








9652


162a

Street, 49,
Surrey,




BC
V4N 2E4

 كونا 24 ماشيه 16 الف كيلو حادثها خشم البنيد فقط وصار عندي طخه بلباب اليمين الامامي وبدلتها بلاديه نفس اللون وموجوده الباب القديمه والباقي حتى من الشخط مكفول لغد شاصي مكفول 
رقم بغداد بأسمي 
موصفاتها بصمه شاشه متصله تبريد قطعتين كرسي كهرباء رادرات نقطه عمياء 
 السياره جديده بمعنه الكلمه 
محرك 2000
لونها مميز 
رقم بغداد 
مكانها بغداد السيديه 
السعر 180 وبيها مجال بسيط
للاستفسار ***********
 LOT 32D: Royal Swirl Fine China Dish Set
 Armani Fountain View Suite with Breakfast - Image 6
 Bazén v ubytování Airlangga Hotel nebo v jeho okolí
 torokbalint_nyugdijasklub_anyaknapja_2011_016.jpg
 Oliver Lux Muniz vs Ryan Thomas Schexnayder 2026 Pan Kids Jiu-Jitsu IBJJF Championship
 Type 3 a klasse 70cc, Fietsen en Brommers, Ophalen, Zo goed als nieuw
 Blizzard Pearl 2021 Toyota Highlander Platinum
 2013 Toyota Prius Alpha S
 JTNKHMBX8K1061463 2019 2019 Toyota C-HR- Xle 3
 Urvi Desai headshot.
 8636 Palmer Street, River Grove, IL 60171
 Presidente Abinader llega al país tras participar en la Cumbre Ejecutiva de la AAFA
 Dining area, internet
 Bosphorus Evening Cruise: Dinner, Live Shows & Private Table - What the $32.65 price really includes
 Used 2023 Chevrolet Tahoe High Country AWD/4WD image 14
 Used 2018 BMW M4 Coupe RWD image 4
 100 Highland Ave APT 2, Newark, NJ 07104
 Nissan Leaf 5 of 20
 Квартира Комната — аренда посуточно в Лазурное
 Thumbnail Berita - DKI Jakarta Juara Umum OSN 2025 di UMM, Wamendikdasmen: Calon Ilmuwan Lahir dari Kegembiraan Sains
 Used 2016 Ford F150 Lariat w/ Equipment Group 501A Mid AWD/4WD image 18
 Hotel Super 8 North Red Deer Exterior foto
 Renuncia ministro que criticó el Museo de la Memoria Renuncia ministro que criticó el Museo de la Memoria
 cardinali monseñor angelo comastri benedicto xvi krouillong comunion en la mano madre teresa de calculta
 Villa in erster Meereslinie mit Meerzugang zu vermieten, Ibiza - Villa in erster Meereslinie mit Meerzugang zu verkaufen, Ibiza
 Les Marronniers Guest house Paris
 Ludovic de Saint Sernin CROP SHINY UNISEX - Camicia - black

______

Task goal: If a line holds the string "Toyota", it counts; please state how many such lines there are in the data, with nothing more.

Solution to this task: 3